What you need to do
Provide an exact copy of the data, excluding the images.

Information shown
^^^^
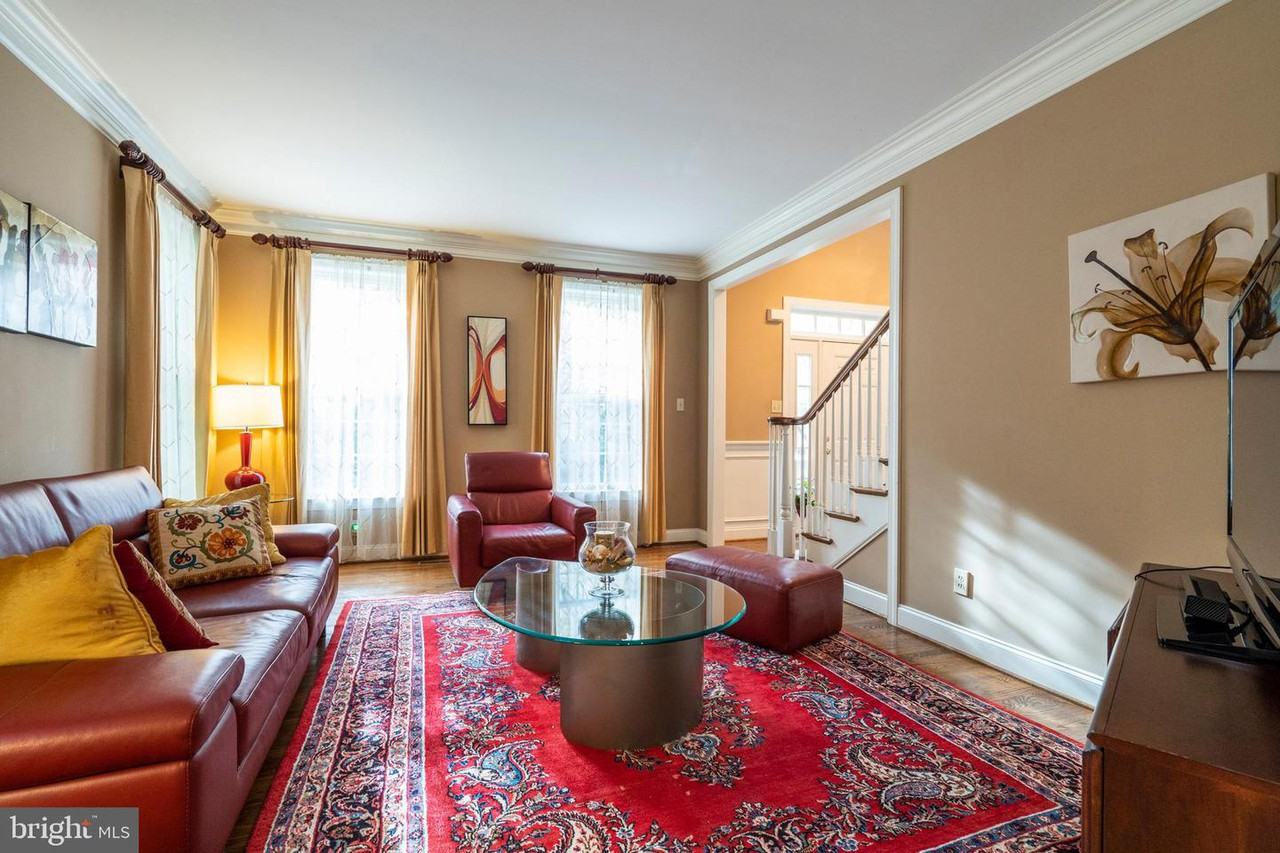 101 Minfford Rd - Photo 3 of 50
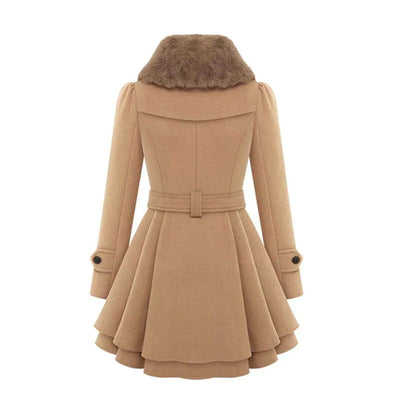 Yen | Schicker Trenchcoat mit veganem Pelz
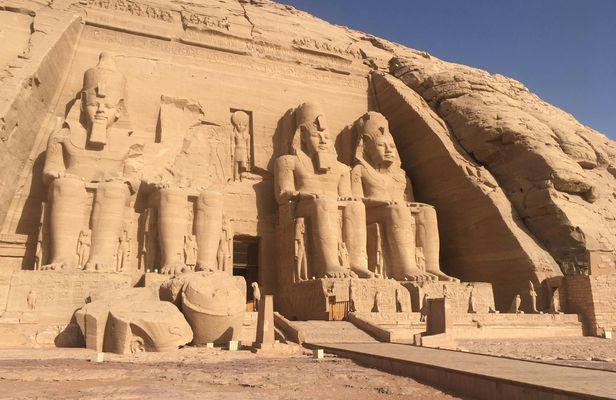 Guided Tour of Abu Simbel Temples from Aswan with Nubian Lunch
^^^^
Finished task
 101 Minfford Rd - Photo 3 of 50
 Yen | Schicker Trenchcoat mit veganem Pelz
 Guided Tour of Abu Simbel Temples from Aswan with Nubian Lunch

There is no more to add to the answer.